What the task requires: Return only the lines of the data below from the line with "A light pink" up to and including the line with "Shop Purple Converse online", exactly as written, with the pictures omitted.

Available data:

== Segment start ==

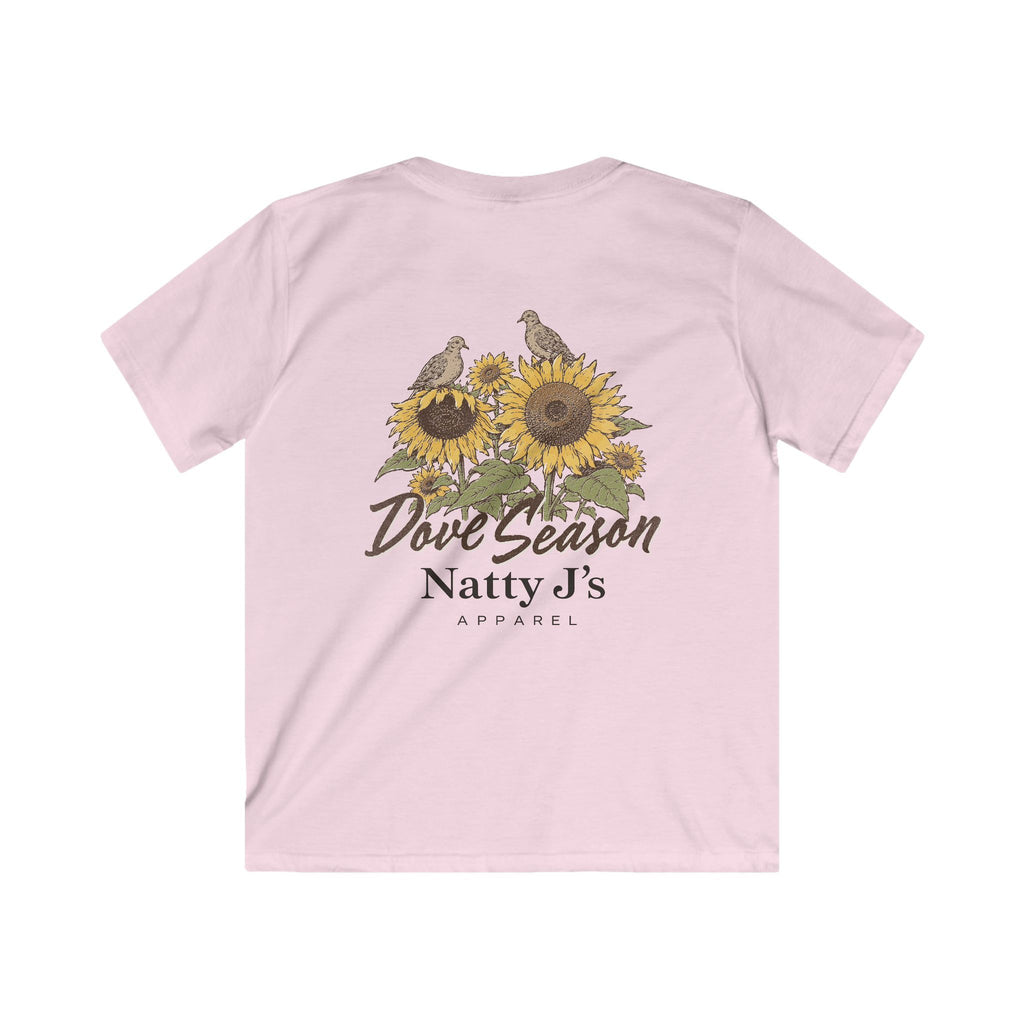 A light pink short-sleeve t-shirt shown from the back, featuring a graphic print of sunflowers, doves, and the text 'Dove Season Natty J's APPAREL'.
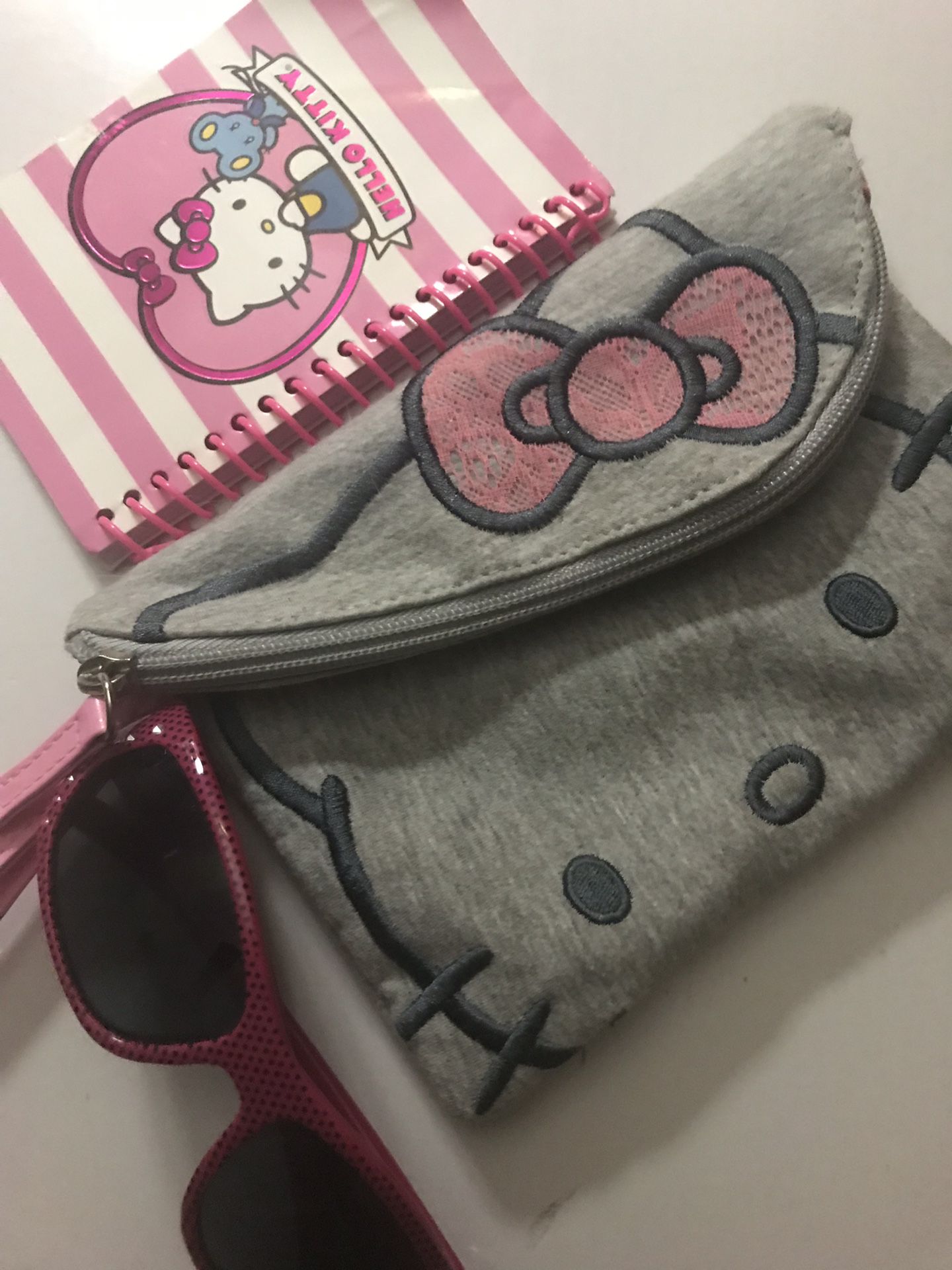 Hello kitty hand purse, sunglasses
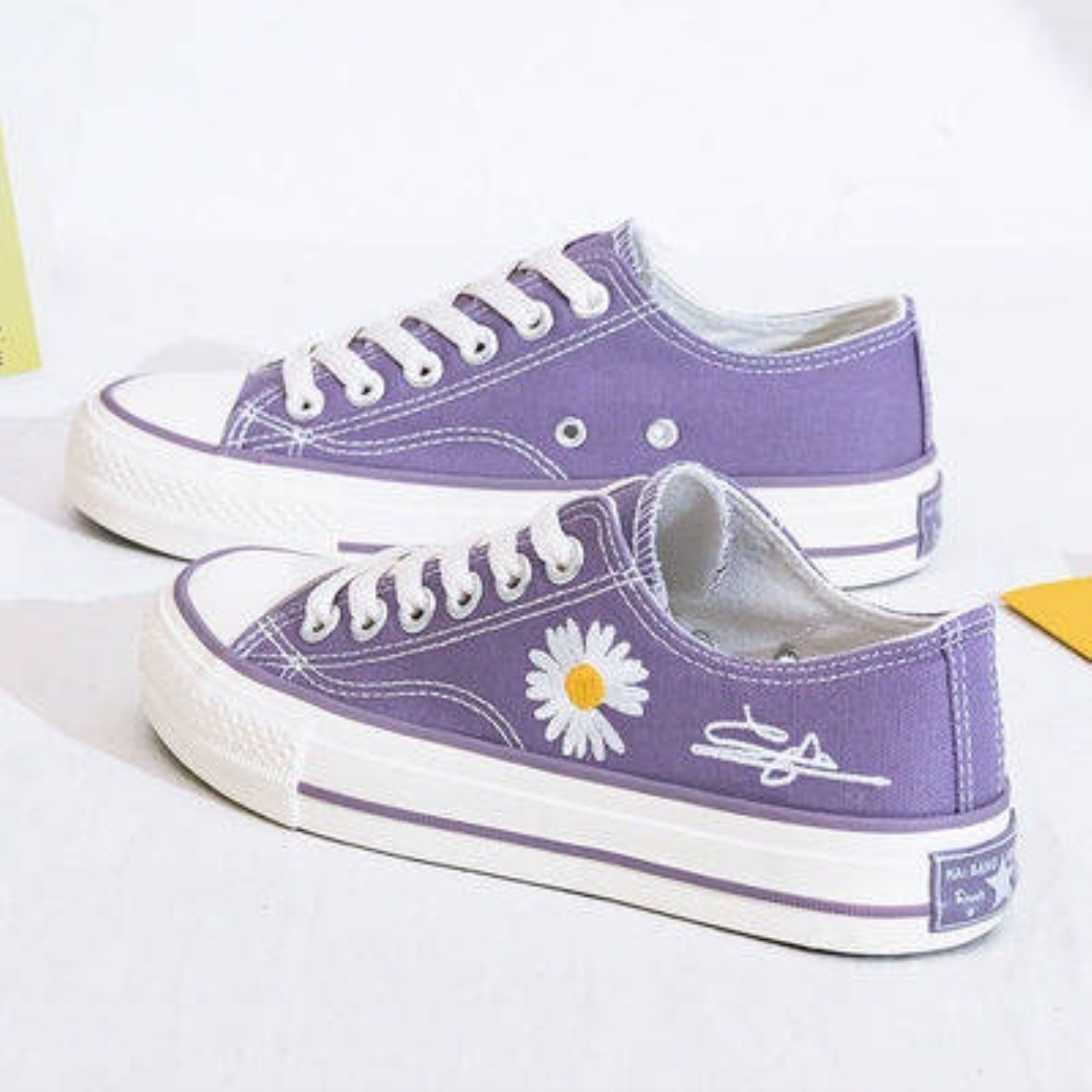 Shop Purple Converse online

== Segment end ==
== Segment start ==

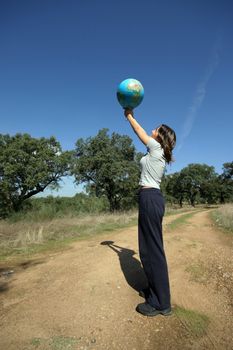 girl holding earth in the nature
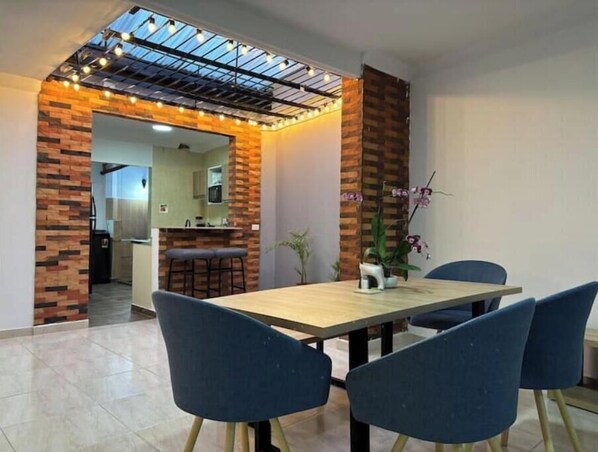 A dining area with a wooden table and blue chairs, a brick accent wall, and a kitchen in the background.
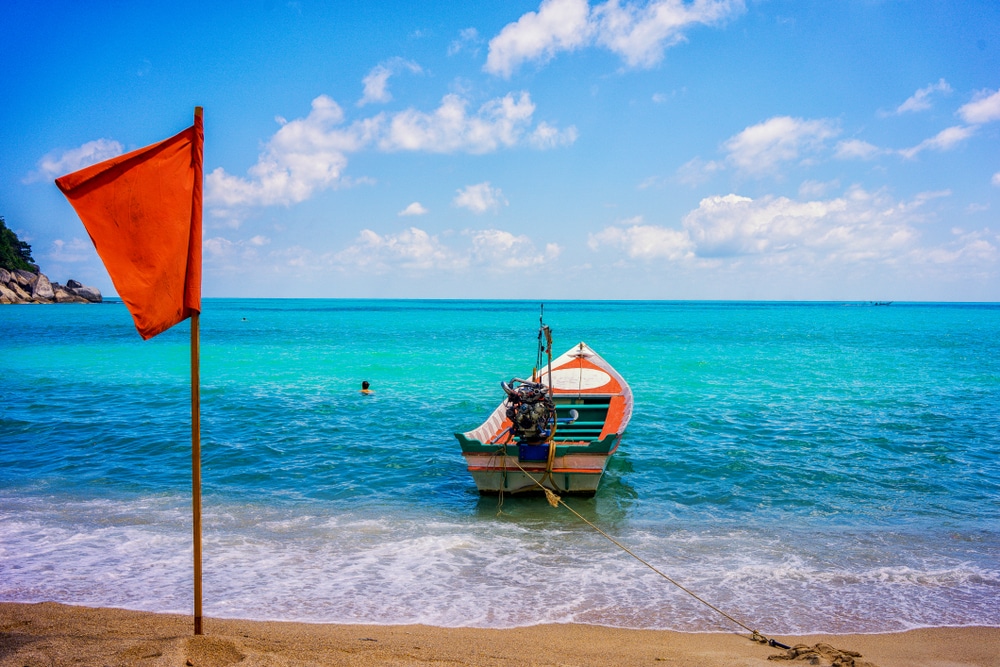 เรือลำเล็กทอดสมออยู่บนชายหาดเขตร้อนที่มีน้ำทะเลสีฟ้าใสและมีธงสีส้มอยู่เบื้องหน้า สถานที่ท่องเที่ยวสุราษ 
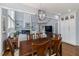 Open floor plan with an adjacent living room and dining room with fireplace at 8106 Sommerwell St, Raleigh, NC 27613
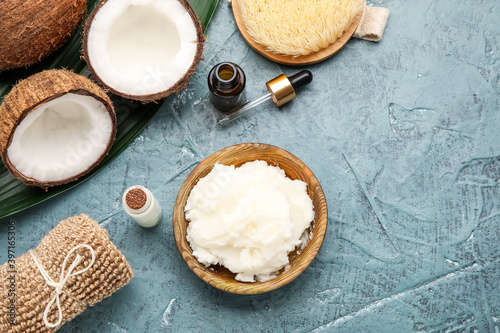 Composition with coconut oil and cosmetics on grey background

== Segment end ==

Exercise answer:
 A light pink short-sleeve t-shirt shown from the back, featuring a graphic print of sunflowers, doves, and the text 'Dove Season Natty J's APPAREL'.
 Hello kitty hand purse, sunglasses
 Shop Purple Converse online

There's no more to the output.